- AIM OF THE TASK
Set the pictures aside and set down only the lines from the line holding "181 E 2500 S, Delta, UT 84624" through the end of the entries below, ends included.

- DATA UNDER STUDY
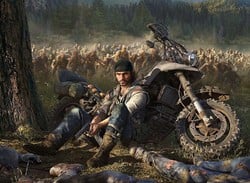 PS Now October 2020 Update Adds Days Gone, MediEvil, and Much More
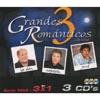 3 Grandes Romanticos: Serie Max - 3 X 1 (box Set)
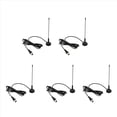 thumbnail image 1 of 5X Fasdga Antena Digital de 5DBi TDT Digital para TV HDTV DVB-T, 1 of 5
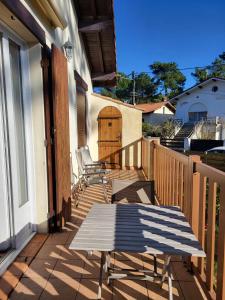 Appartement proche du lac dHossegor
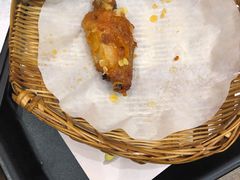 -好人民间小吃·番茄鱼酸菜鱼(木渎悠方店)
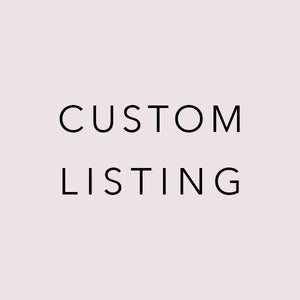 Custom Listing for SP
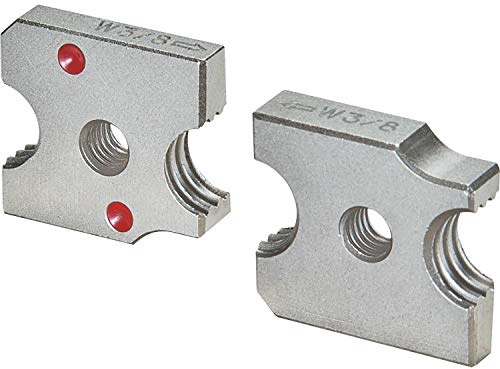 Makita 199081-0 Messer-Set, 9,5 mm (3/8 Zoll)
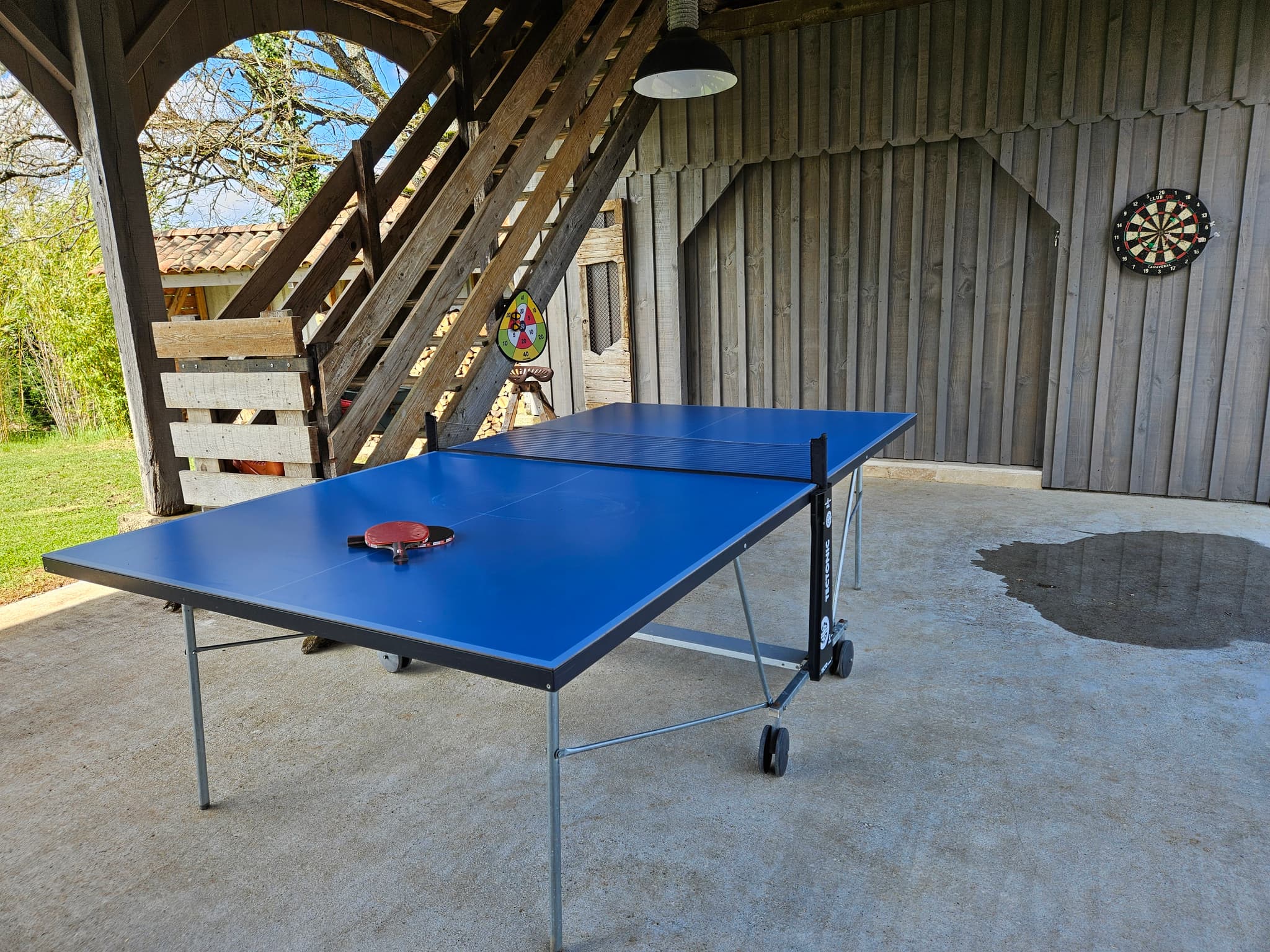 La Grange de Jeanélie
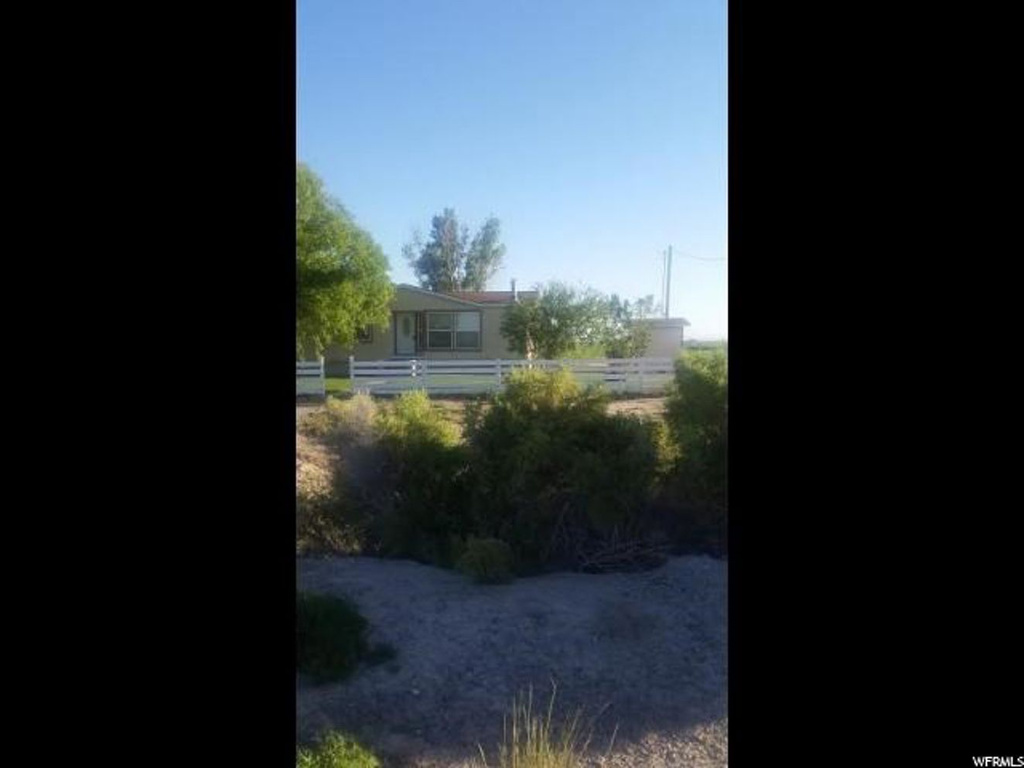 181 E 2500 S, Delta, UT 84624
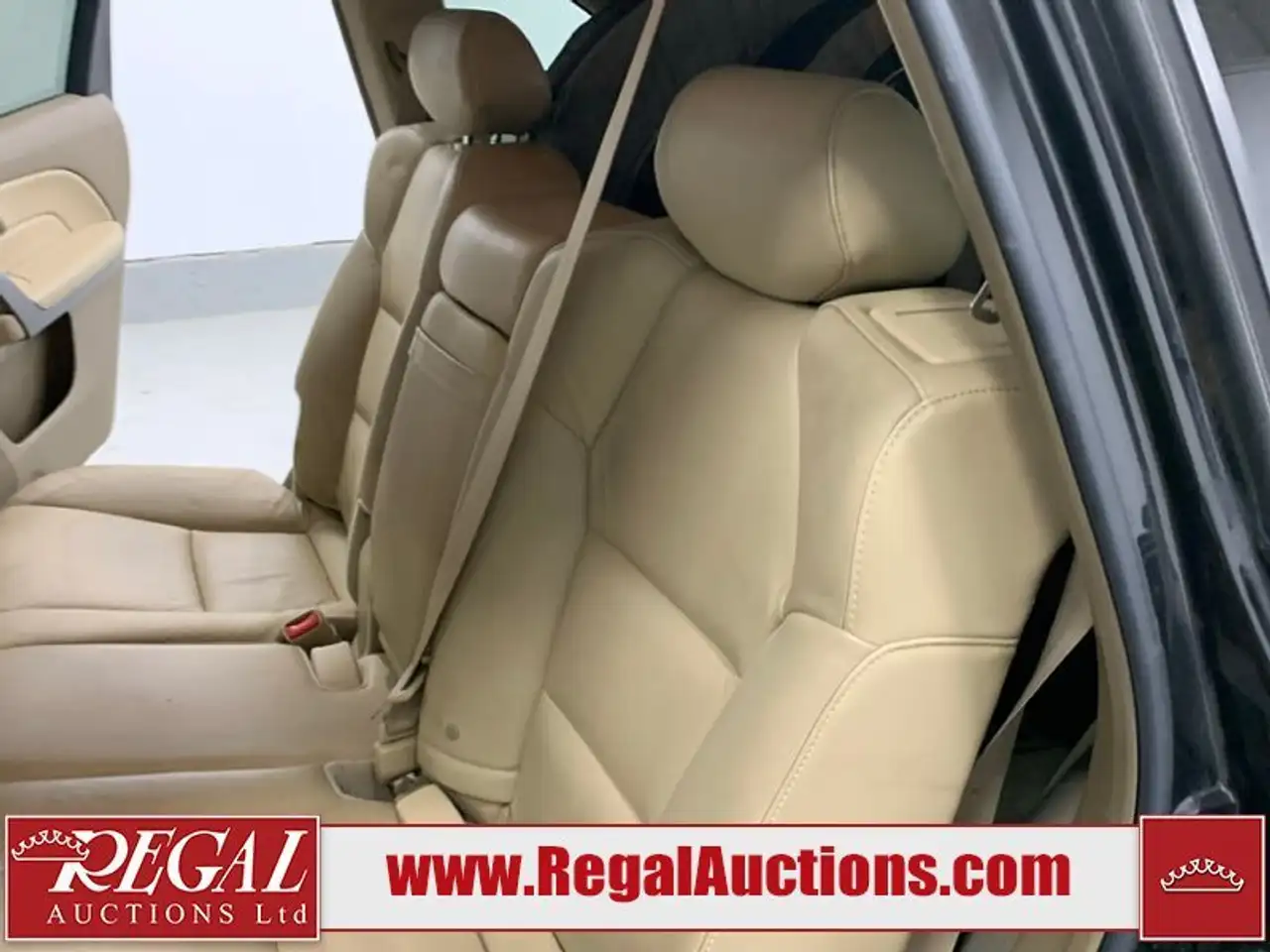 Acura MDX fotografie Acura MDX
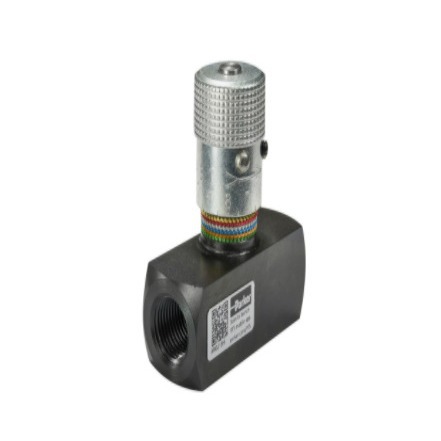 PARKER Parker 9F one-way throttle valve 9F400S ready for sale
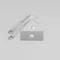 Минифото #3 товара Светильник LGD-TILLIS-BOLL-H900-12W Warm3000 (GR, 92 deg, 230V) (Arlight, IP65 Металл, 3 года)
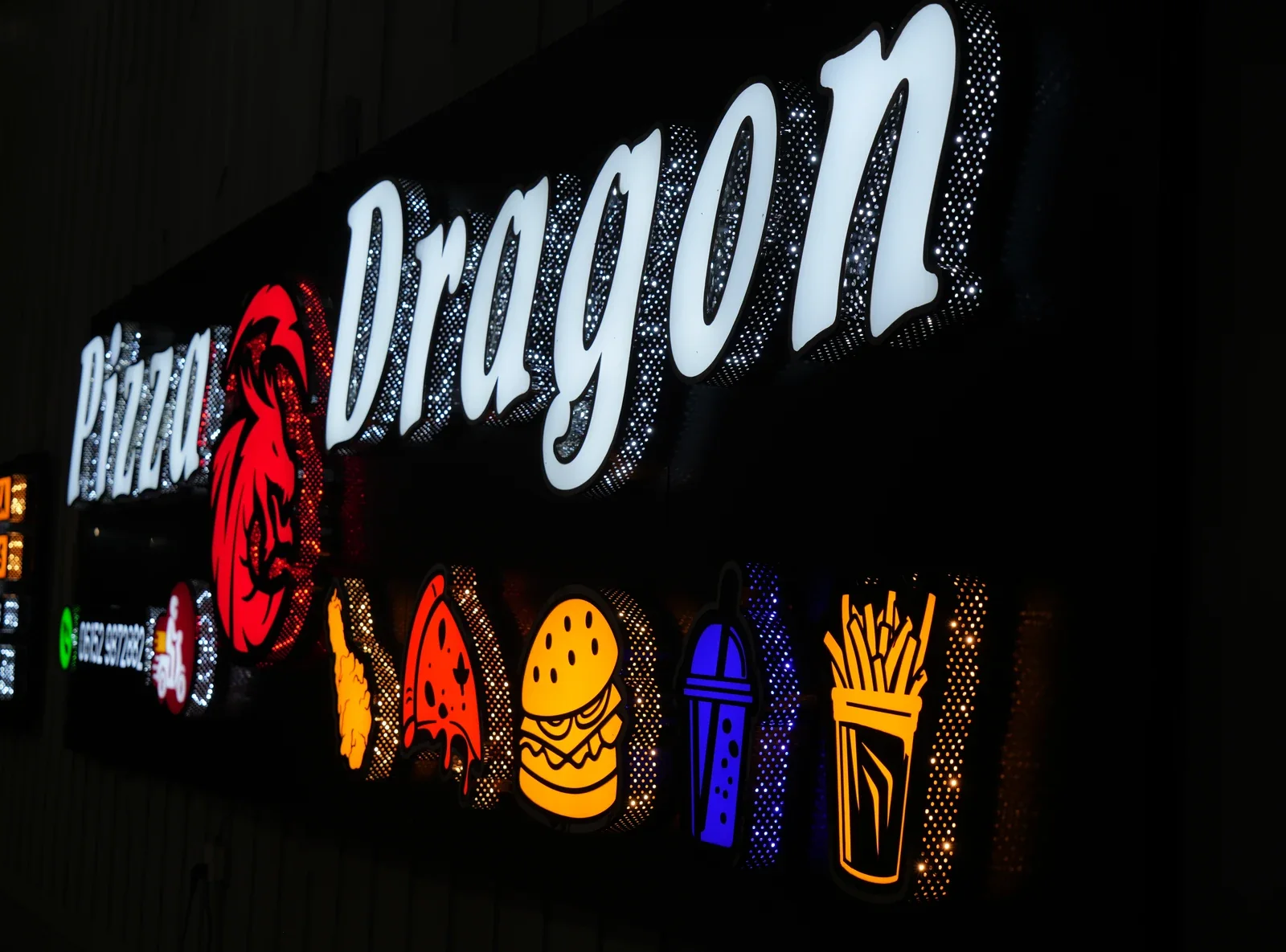 Pizza Dragon — photo 3 of 5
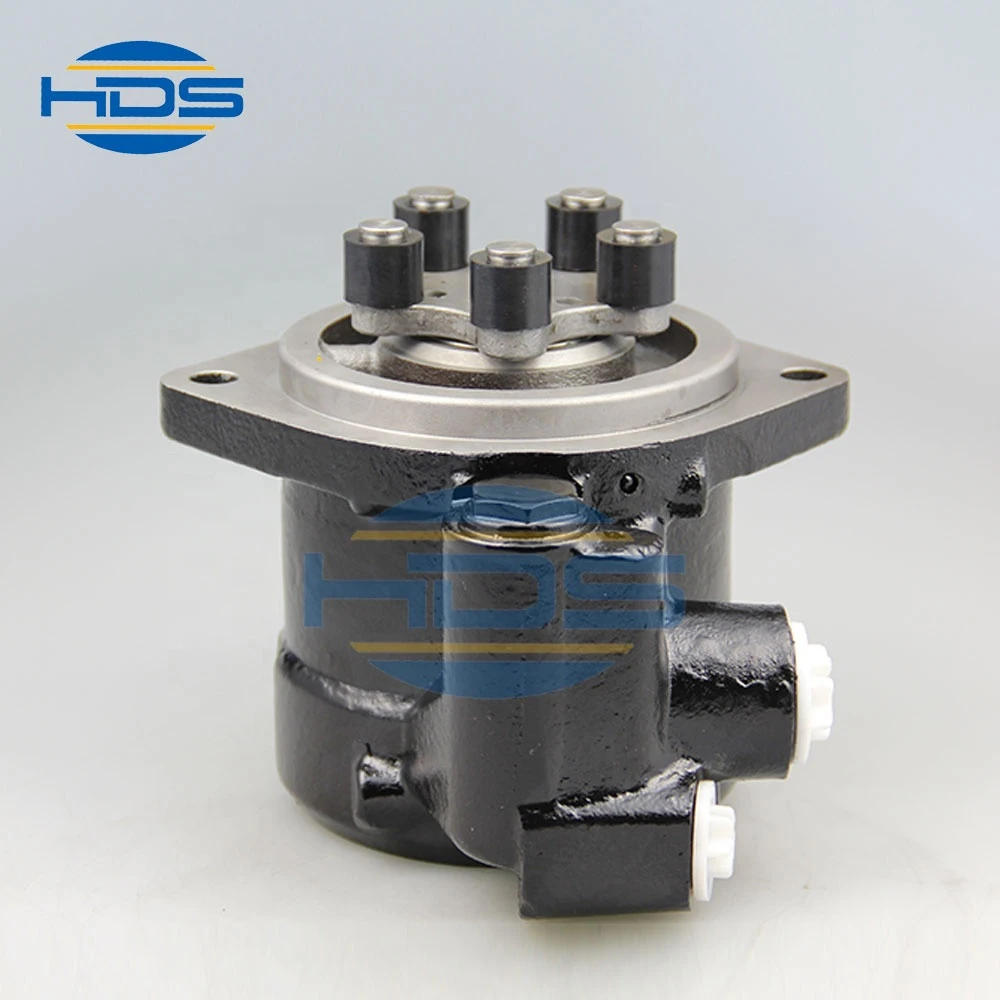 Hot Sale 7677955106 571364 255028 Auto Parts Power Steering Pump for Truck Parts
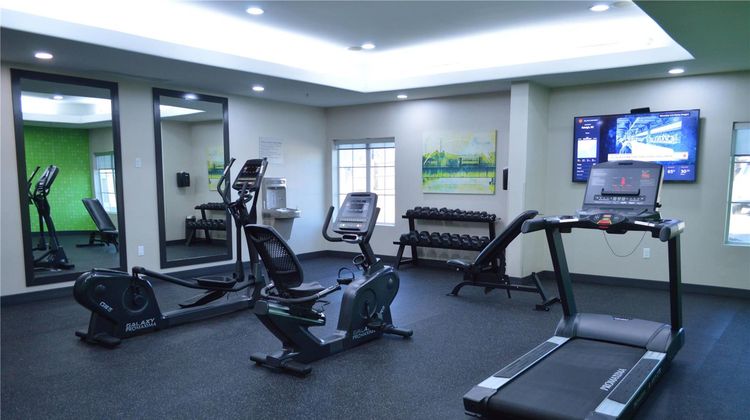 La Quinta Inn & Suites Bryant Health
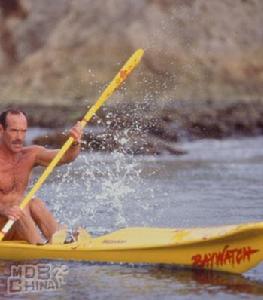 《海灘護衛隊》第9季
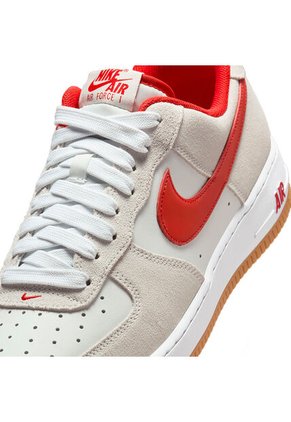 TENIS NIKE HOMBRE IB6388-101 AF 1 Talla 7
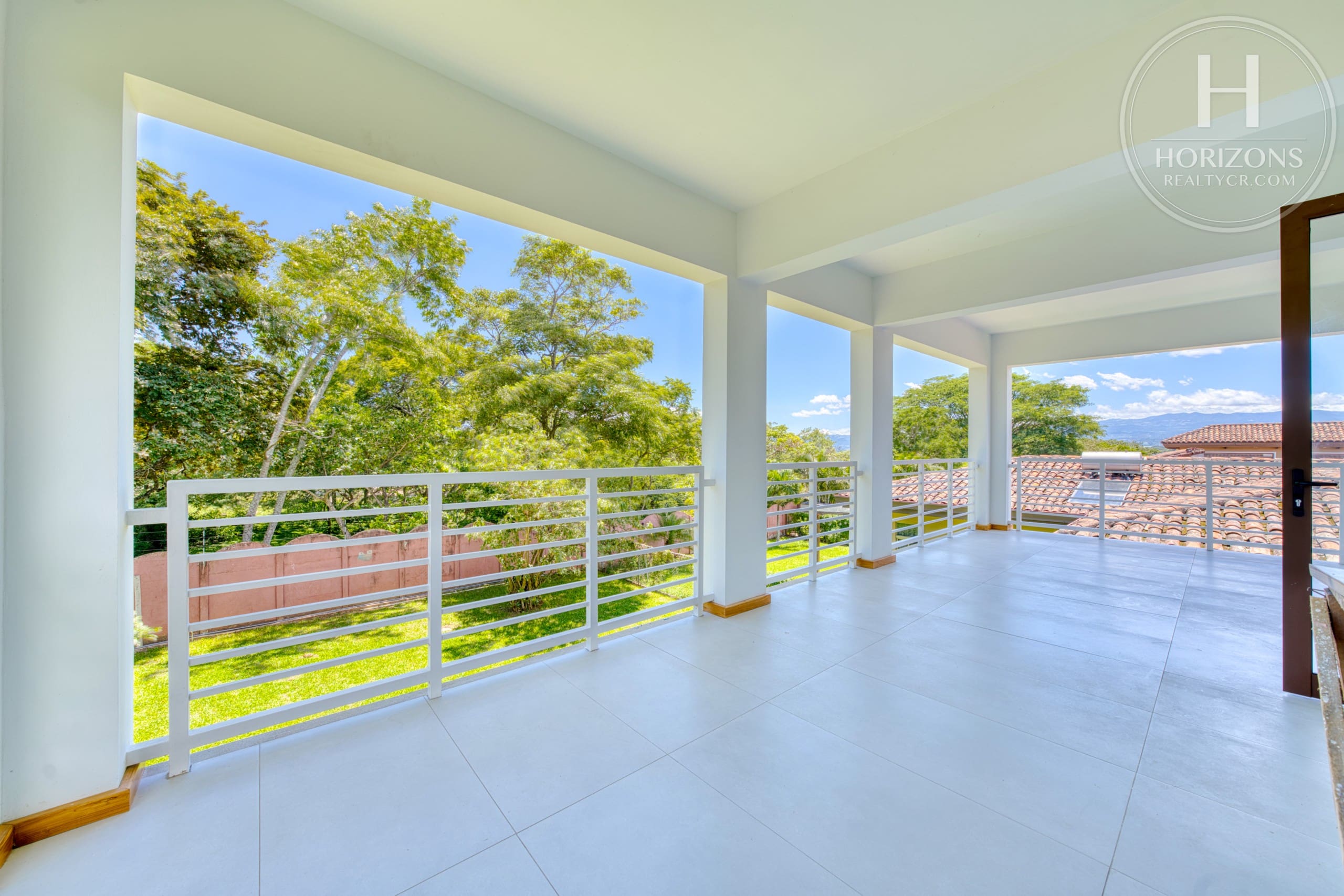Casa En Alquiler La Guácima | Horizons Realty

- RESPONSE TO THE EXERCISE
 181 E 2500 S, Delta, UT 84624
 Acura MDX fotografie Acura MDX
 PARKER Parker 9F one-way throttle valve 9F400S ready for sale
 Минифото #3 товара Светильник LGD-TILLIS-BOLL-H900-12W Warm3000 (GR, 92 deg, 230V) (Arlight, IP65 Металл, 3 года)
 Pizza Dragon — photo 3 of 5
 Hot Sale 7677955106 571364 255028 Auto Parts Power Steering Pump for Truck Parts
 La Quinta Inn & Suites Bryant Health
 《海灘護衛隊》第9季
 TENIS NIKE HOMBRE IB6388-101 AF 1 Talla 7
Casa En Alquiler La Guácima | Horizons Realty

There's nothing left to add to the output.